Source material:
···

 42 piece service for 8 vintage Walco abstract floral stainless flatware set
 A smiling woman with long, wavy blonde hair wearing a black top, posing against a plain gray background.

···

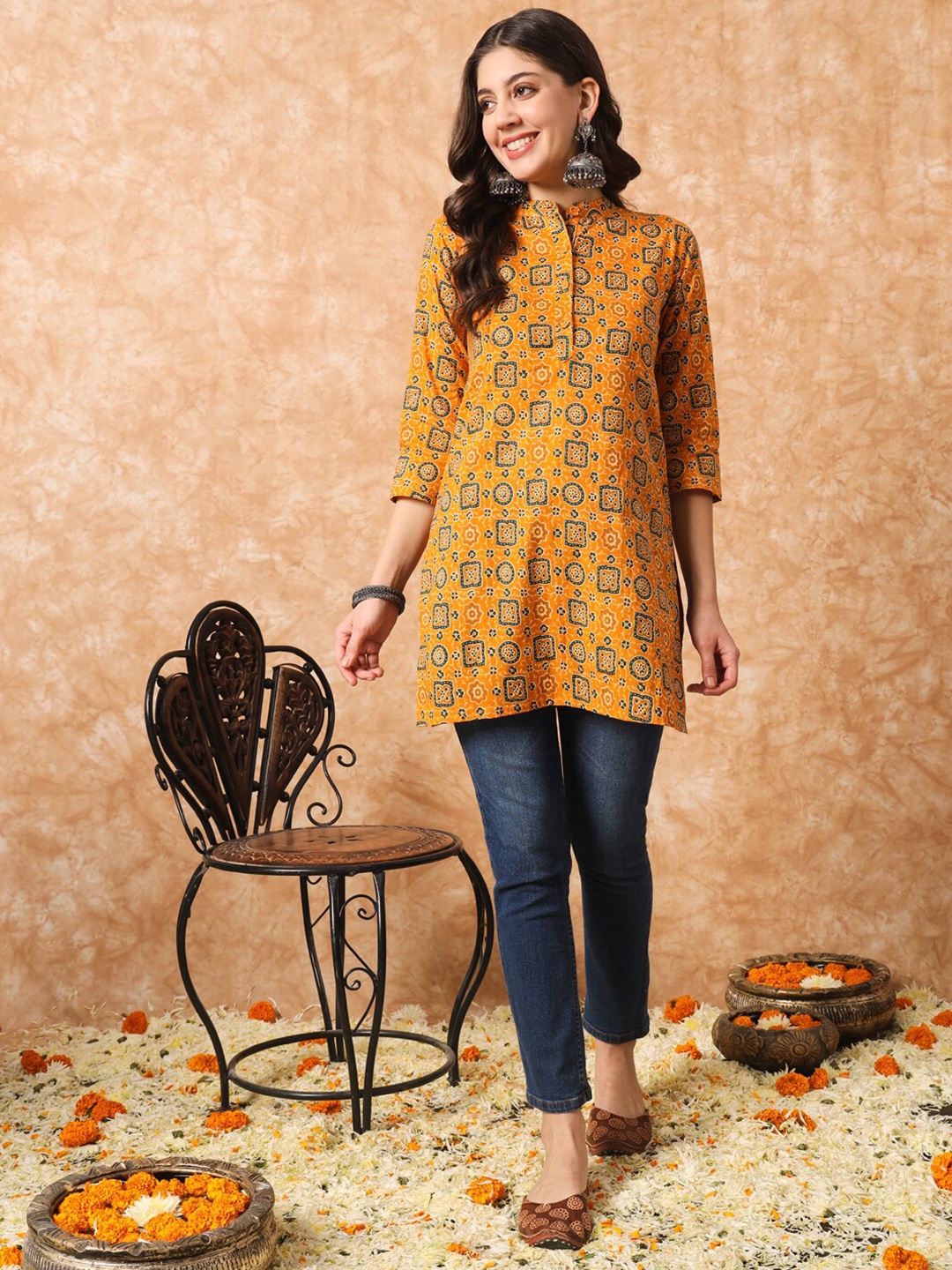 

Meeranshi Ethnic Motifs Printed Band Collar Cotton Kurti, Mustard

···

What you should do: Taking the entries above, restate exactly those lines that fall between the line with "42 piece service" and the line with "A smiling woman", keeping both of those lines too.

Output for this exercise:
 42 piece service for 8 vintage Walco abstract floral stainless flatware set
 A smiling woman with long, wavy blonde hair wearing a black top, posing against a plain gray background.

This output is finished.